Work request: Starting with the first line below, extract each line through the one that contains "Strathmore 400 Series", inclusive, excluding pictures.

Data for the task:
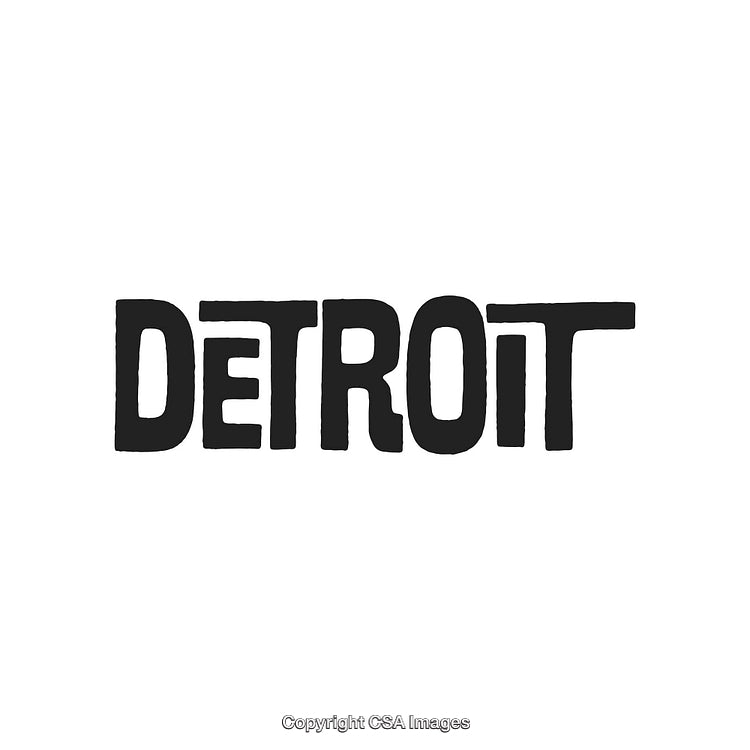 Detroit Typography in Bold Black Font on White Background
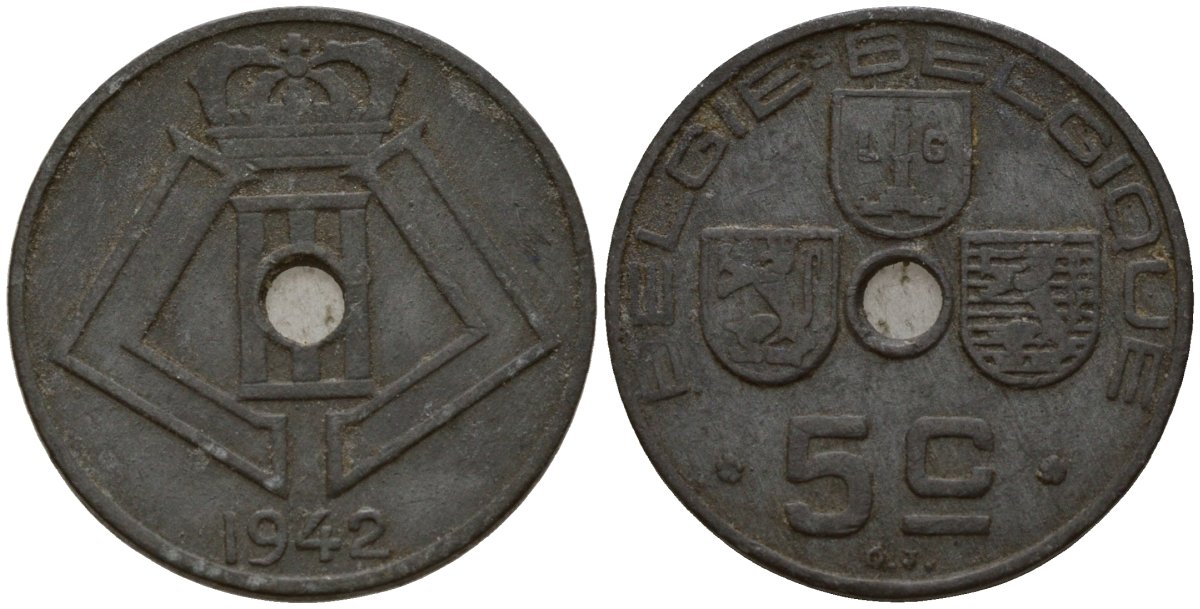 Бельгия 5 сантимов 1942 Belgie - Belgique, Леопольд III (1934-1947), германская оккупация, Вторая мировая война KM 124 цинк 4160-1132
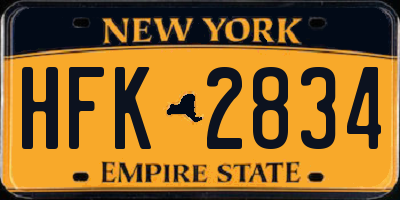 NY license plate HFK2834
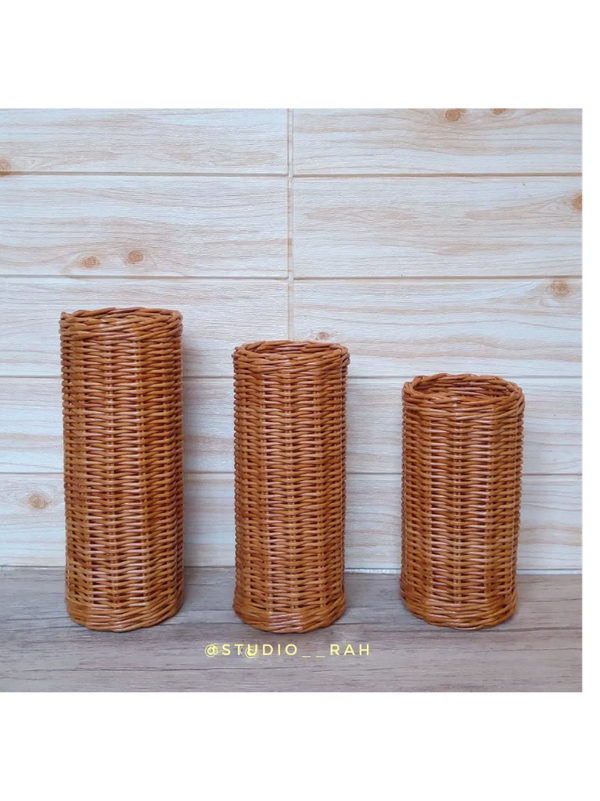 گلدان استوانه حصیری استودیو راح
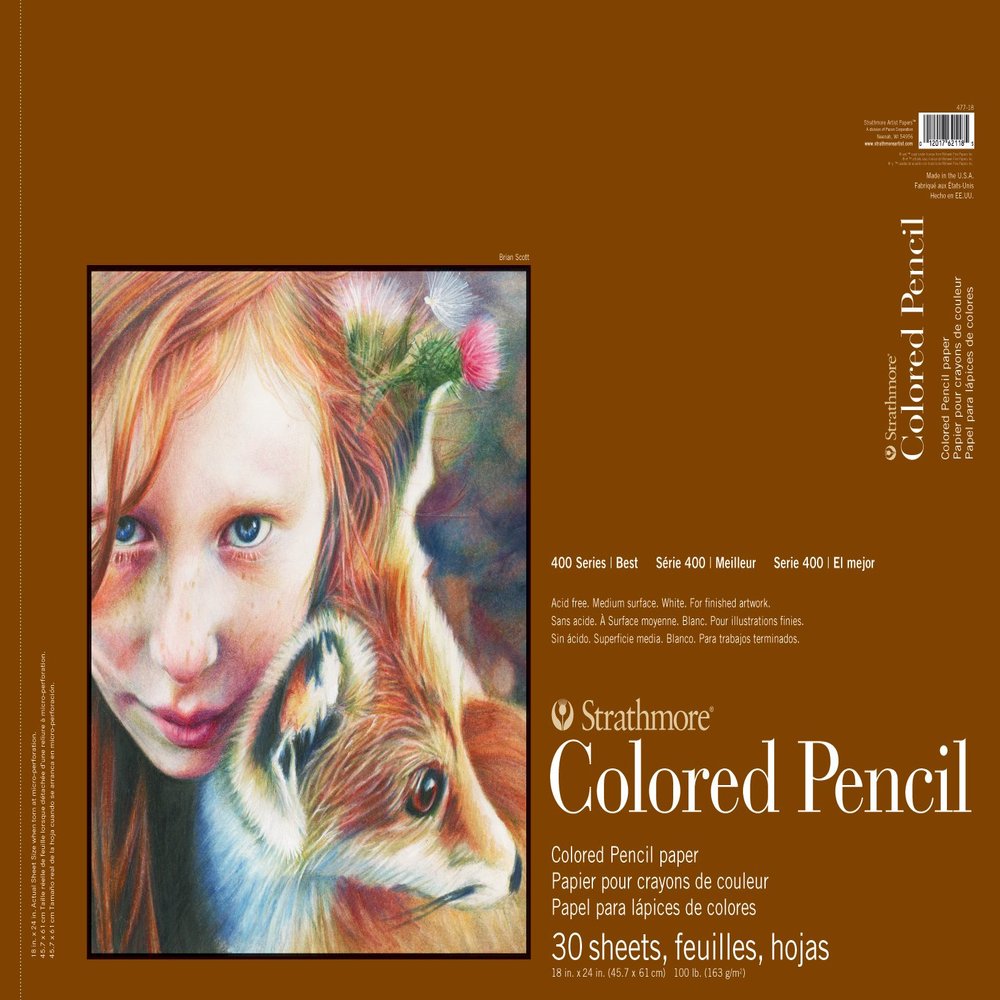 Strathmore 400 Series Colored Pencil Pad, 18"x24" Wire Bound, 30 Sheets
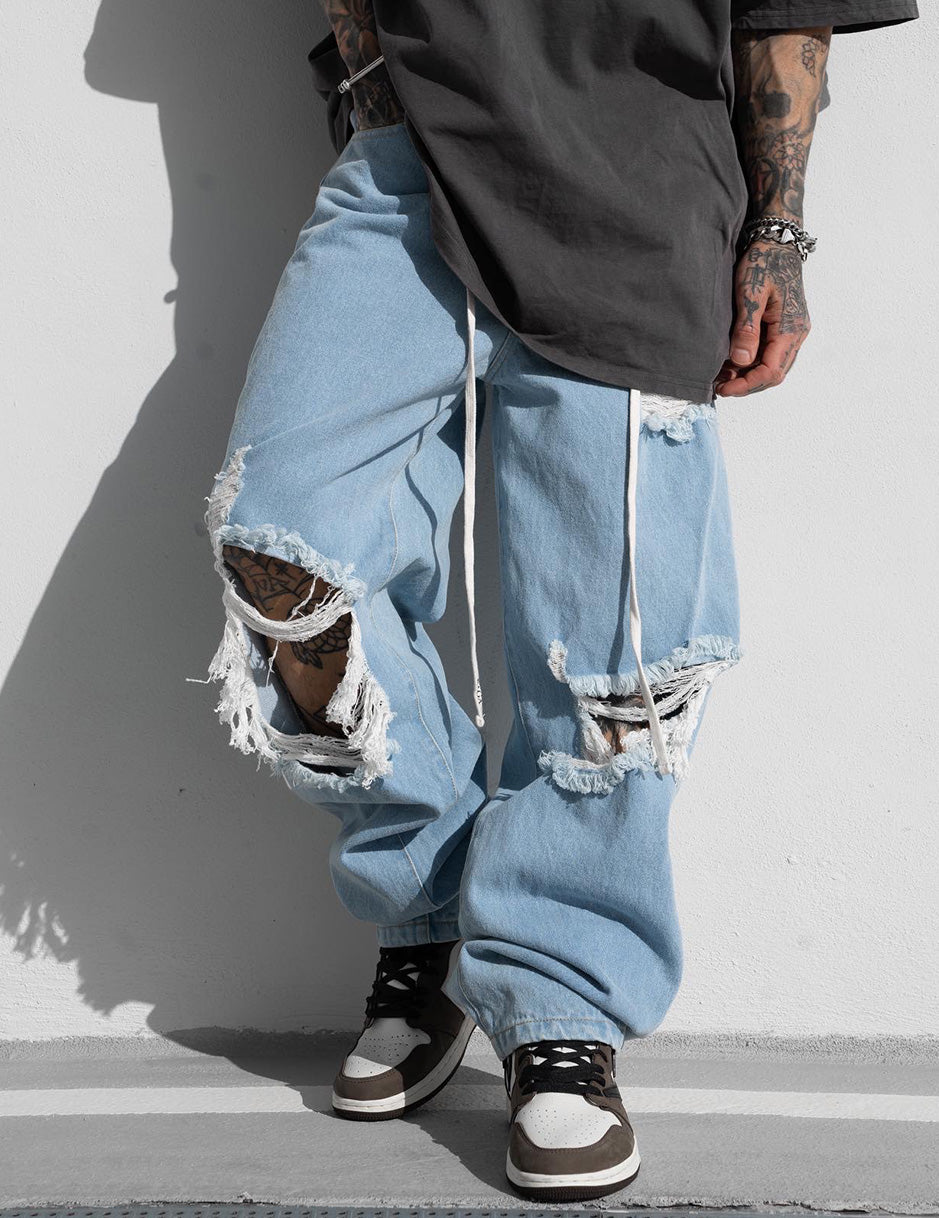 Oversized Destroyed Jeans Light Blue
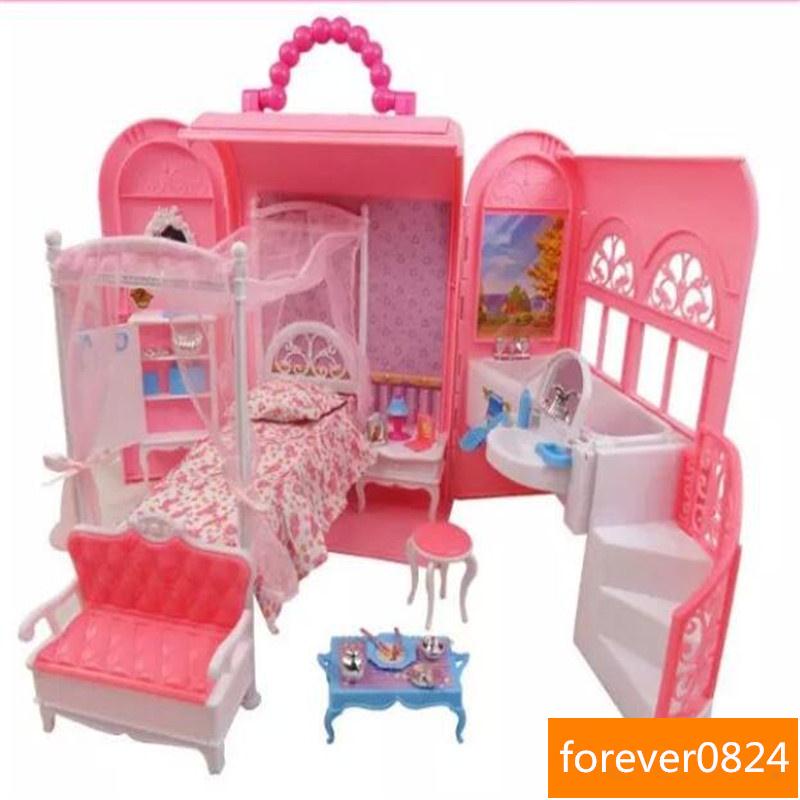 【米奇】兒童玩具芭比娃娃屋 換裝洋娃娃 芭比娃娃 甜甜屋 芭比臥室床 過家家玩具 女童生日禮物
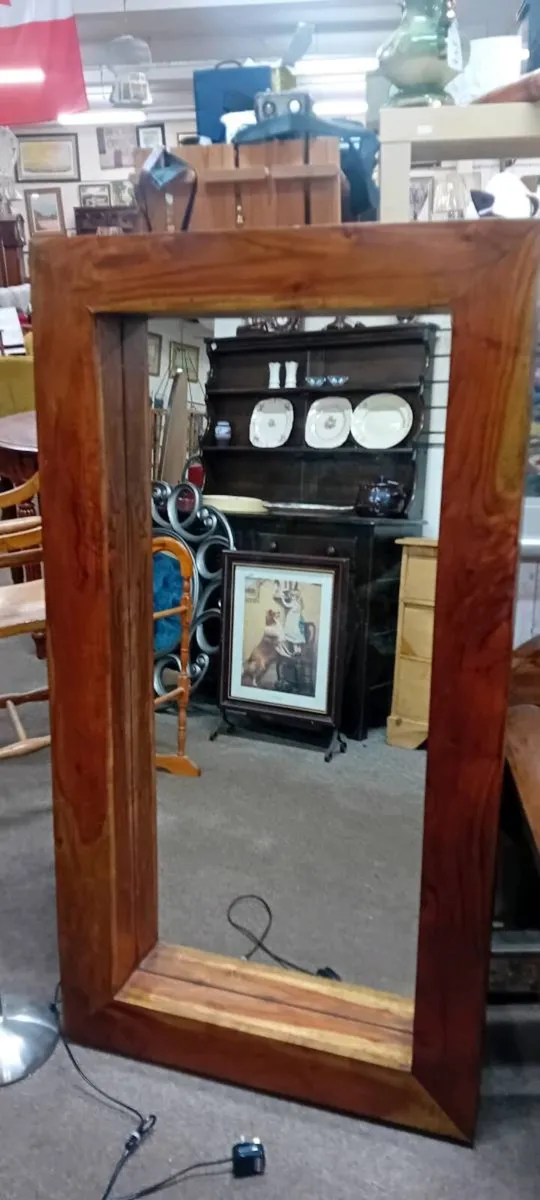 Large Hardwood Framed Mirror - Image 1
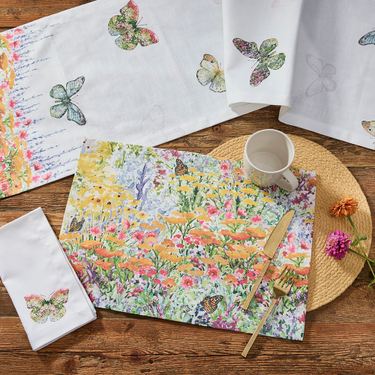 Butterfly Oasis Table Runner Multi Bright 15 x 72Image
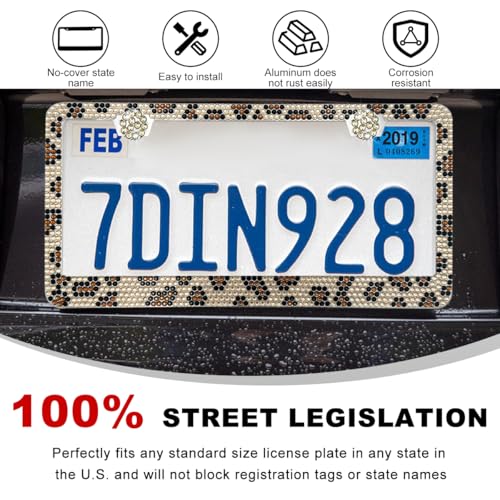 DXNQ 2PCS Bling License Plate Frame, Sparkly Rhinestone Diamond License Plate Cover with Crystal Screws Caps, Glitter Crystal Stainless Steel License Plate Holder for Women (Leopard) - color: Leopard, 2PCS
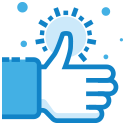 Blue hand with thumb up depicting integrity
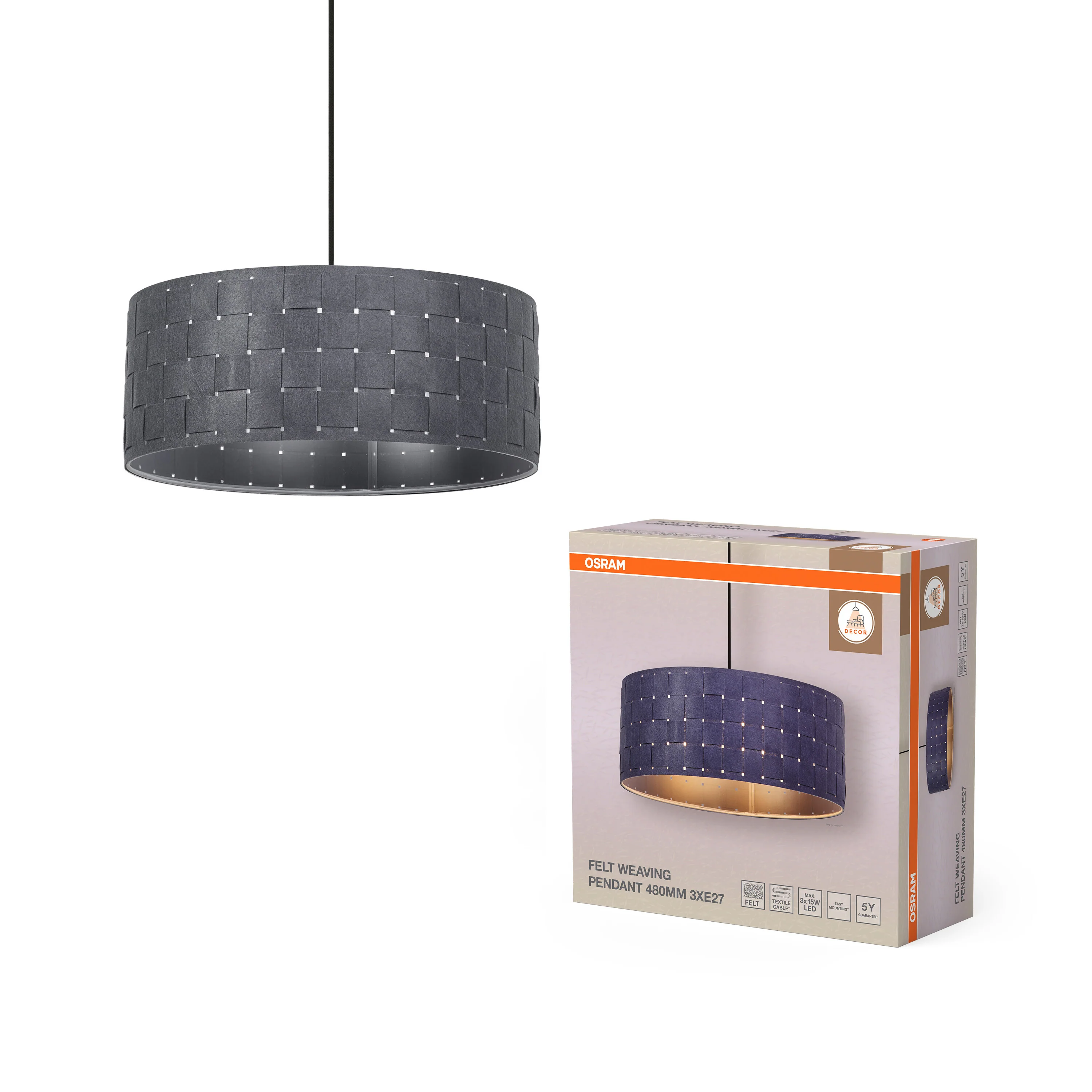 OSRAM Decor Felt Weaving Wisząca 480mm 3x E27 ciemnoszary - Image 5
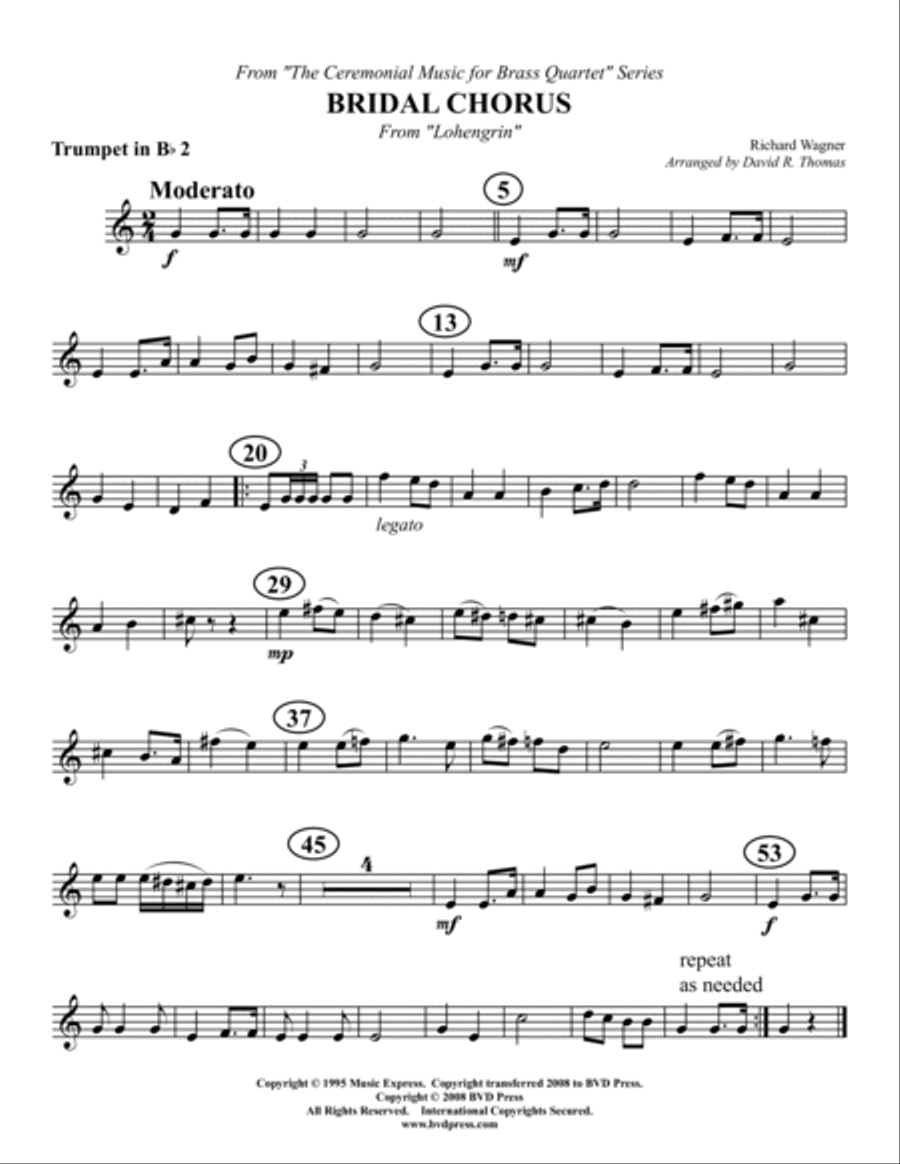 Bridal Chorus Brass Quartet scores gallery preview page 3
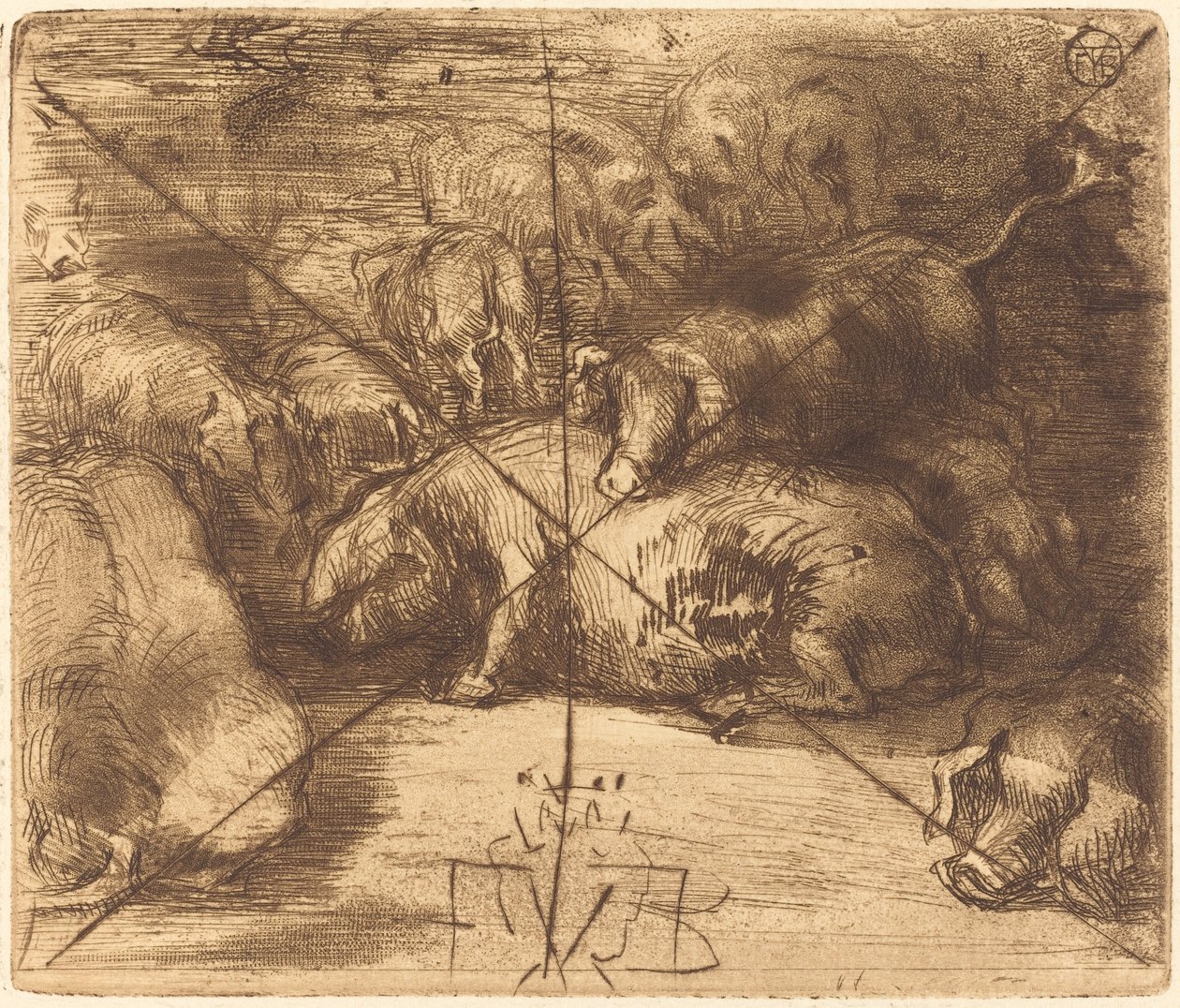 Cochons au Soleil (Svin i solen) af Felix Hilaire Buhot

Result:
 Detroit Typography in Bold Black Font on White Background
 Бельгия 5 сантимов 1942 Belgie - Belgique, Леопольд III (1934-1947), германская оккупация, Вторая мировая война KM 124 цинк 4160-1132
 NY license plate HFK2834
 گلدان استوانه حصیری استودیو راح
 Strathmore 400 Series Colored Pencil Pad, 18"x24" Wire Bound, 30 Sheets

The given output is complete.